There was nothing worse than seeing two flashing colors on your TV screen when you should be seeing that glorious NES game title screen.
A un-countable number of comedians have already covered the subject of how everyone had their special way of getting their Nintendo to work and how you could only get your own NES working.
My cousin Ryan would lick the game and then press the game down as hard as he could. In desperation, I once licked a particularly troublesome game and remember tasting a dusty battery.
One of my best friend's in high-school had to use a Game Genie even if they weren't putting in codes. Without the Genie, the console wouldn't recognize a game was inserted.
My neighbor across the street would discard the warnings about only using the official Nintendo cleaning kit and would dab rubbing alcohol on a Q-tip and rub it in the games.
My wife's family would do a combo of blowing into the game, rubbing it down with a dry Q-tip, and in some cases shoving a Popsicle stick into the system to hold the games at the perfect height to make contact with the terminals.
I would blow into a game for exactly 30 seconds. I'd then push the game all the way into the system and then pull the game out just a pinch. And I could never push the game down into the system.

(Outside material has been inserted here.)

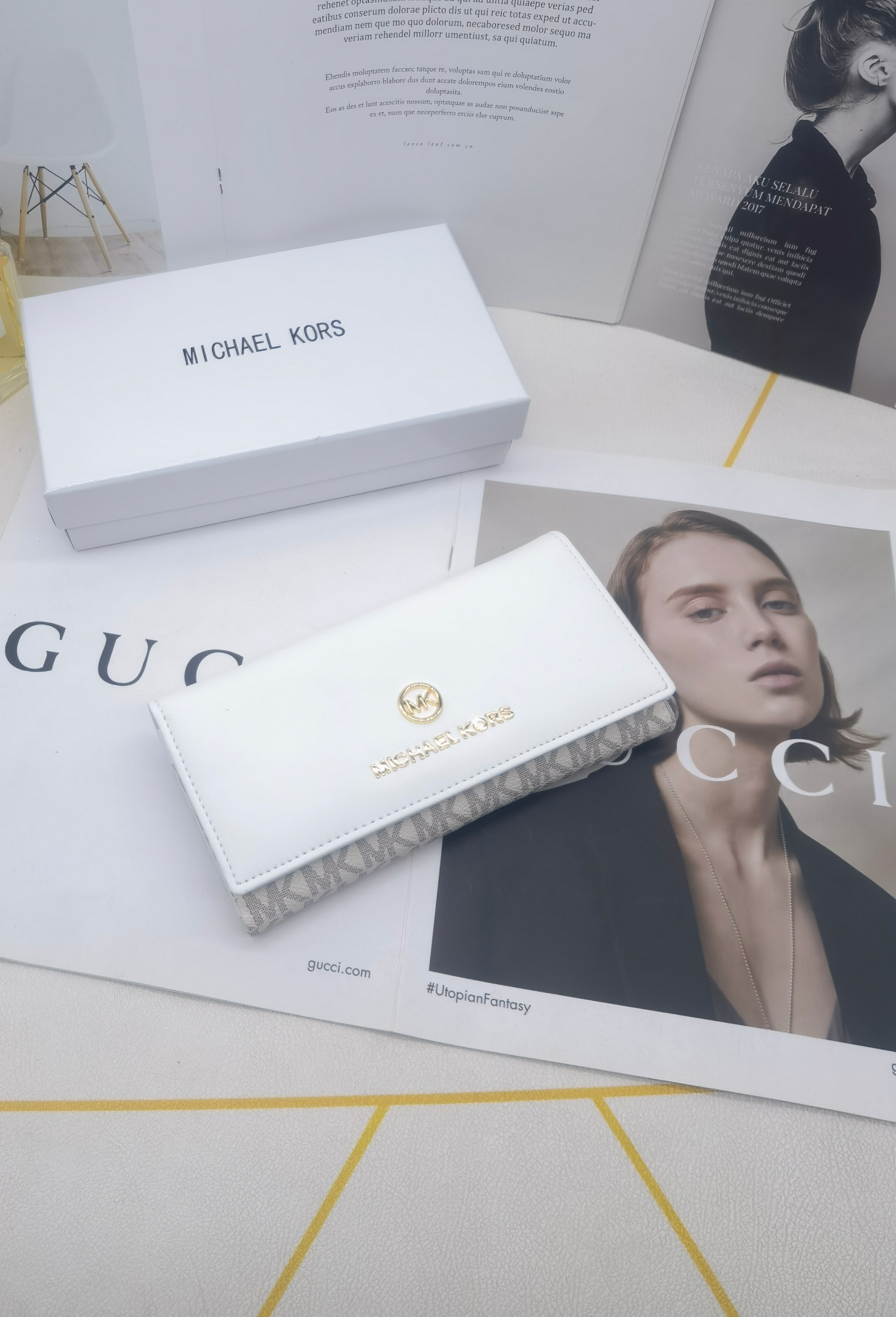 🆕🆕🆕🆕8600专柜同步，最新款钱包，采用进口牛 皮，原厂定制的最新徽标，不管皮质还是logo，都要给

If I pushed it down how you were supposed to, blinking color screens all day long.
You don't get these great stories anymore.
Telling the heroic tale of putting your red-ringed 360 into the official Microsoft casket and waiting two to six weeks for a refurbished console to make its way back just doesn't have the same comedic feel of laying in your pajamas on the floor at 6:00 a.m. getting dizzy from blowing into a game for too long.
So how did you get your NES to work?